Rehabilitation guidance for patients with intracranial arteriovenous malformations and aneurysms

  I. Disease introduction
  1.Intracranial arteriovenous malformation is a congenital vascular anomaly, mainly manifested as direct communication between arteries and veins. Most of the clinical symptoms are epilepsy, subarachnoid hemorrhage and severe headache. If there is hematoma formation, hemiparesis, aphasia and increased intracranial pressure may occur.
  2. Aneurysm is an abnormal bulging part of the intracranial arterial wall, mainly associated with congenital defects. It is mainly related to atherosclerosis, hypertension, infection and trauma.
  3.The onset of aneurysm is rapid, often accompanied by severe headache and vomiting, mostly with signs of meningeal irritation.
  4.DSA can clarify the site and nature of intracranial arteriovenous malformation and aneurysm.
  5.Surgery is the fundamental treatment for intracranial arteriovenous malformation and aneurysm.
  Psychological guidance
  1.Avoid emotional excitement, because sympathetic excitement causes small artery spasm, resulting in increased blood pressure, which can trigger cerebral hemorrhage.
  2, maintain a good state of mind, listen to light music, learn deep breathing and other relaxation techniques.
  3.When the patient is well discharged from the hospital, it should be clearly explained to the patient and family members that discharge is not equal to complete recovery, and that rehabilitation should be carried out throughout in order to maximize the residual function.
  4, rehabilitation training, especially walking training, the patient should not be overconfident, do not stand up and move the body unaccompanied, to avoid accidents such as falls.

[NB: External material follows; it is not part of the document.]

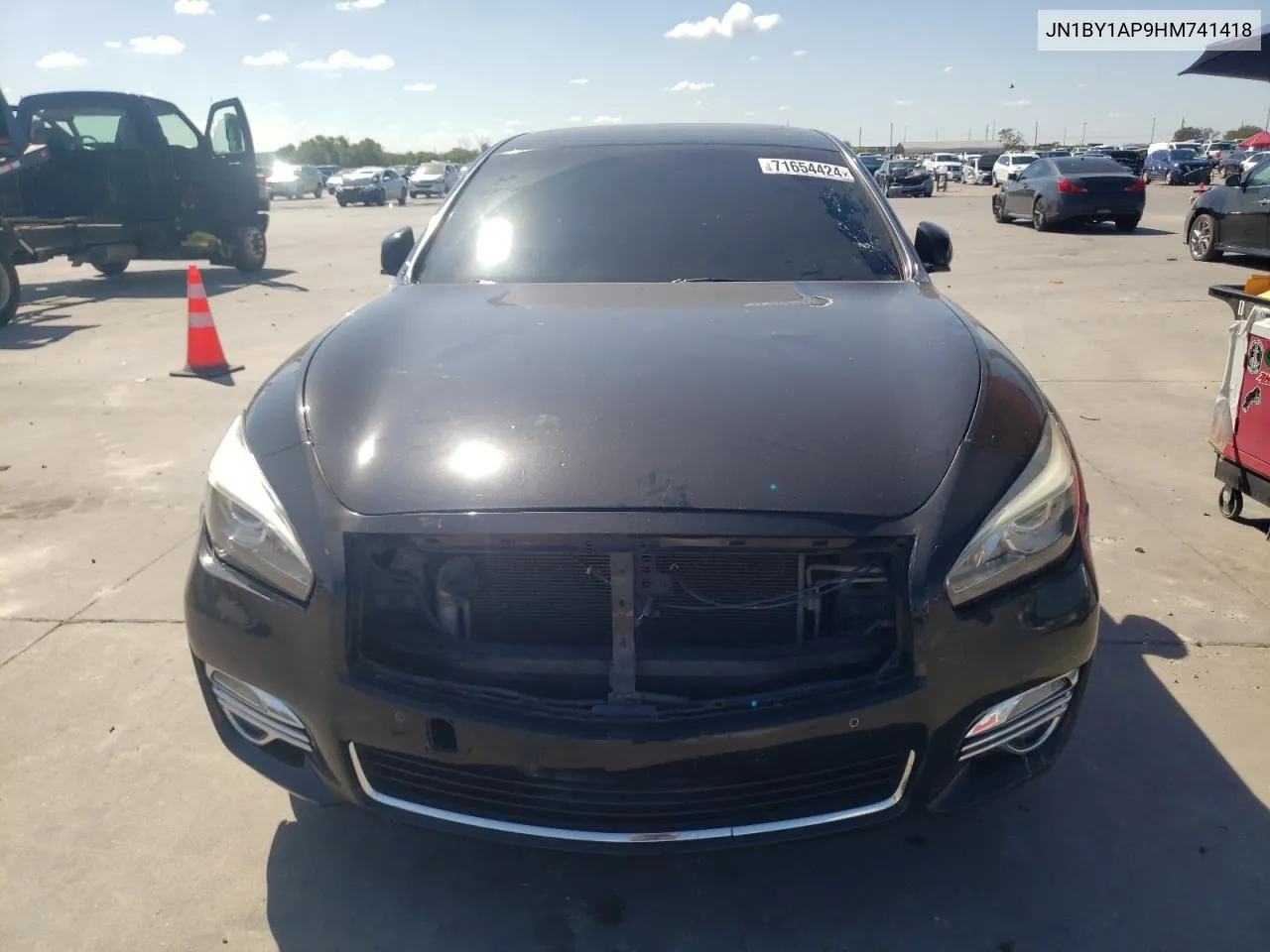 JN1BY1AP9HM741418 2017 Infiniti Q70 3.7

  5. Rehabilitation training should be evaluated regularly to understand the patient’s rehabilitation progress and modify the training plan in time. Tell the patient not to be irritated by certain repeated examinations and to try to cooperate.
  III. Dietary guidance
  1. A light, high-protein, high-calorie, easy-to-digest, low-fat diet is recommended.
  2, eat more coarse fiber food, keep the bowel movement smooth.
  3. Quit smoking and drinking, forbid spicy, cold and other stimulating foods and excitatory drinks.
  4.Fast for 8-10 hours before surgery, and forbid drinking for 6-8 hours.
  5. 6 hours after awakening from anesthesia, a small amount of liquid diet may be allowed without swallowing disorder, and then gradually changed to soft food.
  IV. Pre-operative guidance
  1. Pay attention to keeping warm and preventing colds one week before surgery.
  2.Prior to surgery, you should actively train coughing and sputum excretion.
  3.Please start to practice urination in bed from 3 days before surgery, at least twice a day.
  4.Please cut your finger (toe) nails short and pay attention to keep your body clean.
  5.Please ensure sufficient sleep before surgery. If you have insomnia, please inform the medical staff and take oral medication to induce sleep.
  V. Postoperative guidance
  1.Eating should be allowed only after 6 hours of anesthesia wakefulness.
  2.After waking up, if the blood pressure is stable, elevate the head of the bed 15-30 degrees to facilitate intracranial venous reflux.
  3.Remove oral and nasal secretions in a timely manner, keep the respiratory tract unobstructed, and encourage the patient to cough up sputum.
  4. Keep quiet and avoid emotional excitement.
  VI. Discharge instruction
  1.Rational nutrition, keep the stool unobstructed; diet should be light, easy to digest and rich in crude fiber to prevent constipation.
  2. Patients with high blood pressure should adhere to the medication under the guidance of the doctor. Do not change the dosage or stop taking drugs at will, so as not to increase blood pressure and induce bleeding.
  3. Rehabilitation treatment.
  (1) Hemiplegia.
  ①Take drugs conducive to tissue repair under the guidance of the doctor, together with hyperbaric oxygen, physiotherapy and acupuncture treatment, in order to promote the recovery of brain function.
  (2) Massage the paralyzed limb 6 to 10 times/day regularly to promote local blood circulation.
  ③Perform passive exercise of the paralyzed limb and active exercise of the healthy limb to prevent muscle atrophy.
  ④ Maintain the functional position of the limb. Use “L” splint to fix the ankle joint to prevent foot drop.
  (2) Pronunciation instruction for aphasics.
  ①Start from pronouncing monotone and gradually move to teaching the patient to speak everyday words to train motor language function.
  (2) Use the form of listening to radio and broadcasting to let the patient listen to familiar songs and favorite programs in the past to train the patient’s auditory language function.
  ③Train patients’ visual language function by teaching them to recognize their own names and simple word symbols.
  (3) Secondary epilepsy: not to go out alone, not to climb high, ride a bicycle, swim, etc., carry a certificate of illness with you, and insist on taking anti-epileptic drugs for 3 to 5 years.